[Records from a data source]
-------

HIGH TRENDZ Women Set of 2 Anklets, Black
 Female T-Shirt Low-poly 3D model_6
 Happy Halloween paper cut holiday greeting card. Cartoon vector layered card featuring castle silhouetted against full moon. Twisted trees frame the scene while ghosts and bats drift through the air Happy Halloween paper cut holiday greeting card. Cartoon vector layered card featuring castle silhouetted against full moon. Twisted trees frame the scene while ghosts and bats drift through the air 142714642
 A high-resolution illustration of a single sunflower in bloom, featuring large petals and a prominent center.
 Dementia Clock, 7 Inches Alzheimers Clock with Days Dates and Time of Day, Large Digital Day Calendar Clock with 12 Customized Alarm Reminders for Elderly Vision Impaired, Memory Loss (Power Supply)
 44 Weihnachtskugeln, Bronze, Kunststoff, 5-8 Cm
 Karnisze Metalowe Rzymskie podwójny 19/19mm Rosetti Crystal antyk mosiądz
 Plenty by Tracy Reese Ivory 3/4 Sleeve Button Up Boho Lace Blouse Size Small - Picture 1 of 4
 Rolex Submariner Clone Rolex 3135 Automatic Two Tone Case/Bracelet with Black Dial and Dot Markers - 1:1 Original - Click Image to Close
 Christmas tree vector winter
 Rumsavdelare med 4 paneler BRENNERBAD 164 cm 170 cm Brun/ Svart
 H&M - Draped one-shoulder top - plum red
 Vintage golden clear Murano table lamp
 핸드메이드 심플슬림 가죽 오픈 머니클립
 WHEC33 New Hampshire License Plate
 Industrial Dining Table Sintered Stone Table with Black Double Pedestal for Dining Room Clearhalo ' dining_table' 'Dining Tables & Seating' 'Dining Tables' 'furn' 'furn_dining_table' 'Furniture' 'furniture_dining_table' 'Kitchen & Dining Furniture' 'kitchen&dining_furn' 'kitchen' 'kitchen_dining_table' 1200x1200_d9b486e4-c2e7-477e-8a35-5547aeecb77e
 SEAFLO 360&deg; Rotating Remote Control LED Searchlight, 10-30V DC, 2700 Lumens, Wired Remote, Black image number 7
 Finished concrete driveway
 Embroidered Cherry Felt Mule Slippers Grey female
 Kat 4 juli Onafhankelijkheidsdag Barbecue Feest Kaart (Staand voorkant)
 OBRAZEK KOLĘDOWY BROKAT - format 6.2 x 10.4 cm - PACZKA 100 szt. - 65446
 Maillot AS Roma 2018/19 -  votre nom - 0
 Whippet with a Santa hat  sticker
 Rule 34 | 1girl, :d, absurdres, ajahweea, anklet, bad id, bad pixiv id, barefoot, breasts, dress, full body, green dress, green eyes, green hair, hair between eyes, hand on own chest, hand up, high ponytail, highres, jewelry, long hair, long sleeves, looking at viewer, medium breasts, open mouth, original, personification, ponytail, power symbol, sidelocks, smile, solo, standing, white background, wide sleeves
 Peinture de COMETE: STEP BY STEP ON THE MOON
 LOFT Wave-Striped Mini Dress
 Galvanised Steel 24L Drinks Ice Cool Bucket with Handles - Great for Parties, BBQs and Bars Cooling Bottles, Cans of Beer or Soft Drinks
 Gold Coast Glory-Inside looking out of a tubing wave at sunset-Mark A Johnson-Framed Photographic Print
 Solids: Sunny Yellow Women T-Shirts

-------

> **The task**:
Starting at the first line of the entries above, please extract each line up to and including the line with "the air 142714642", unchanged, and add nothing.

> **Written solution**:
HIGH TRENDZ Women Set of 2 Anklets, Black
 Female T-Shirt Low-poly 3D model_6
 Happy Halloween paper cut holiday greeting card. Cartoon vector layered card featuring castle silhouetted against full moon. Twisted trees frame the scene while ghosts and bats drift through the air Happy Halloween paper cut holiday greeting card. Cartoon vector layered card featuring castle silhouetted against full moon. Twisted trees frame the scene while ghosts and bats drift through the air 142714642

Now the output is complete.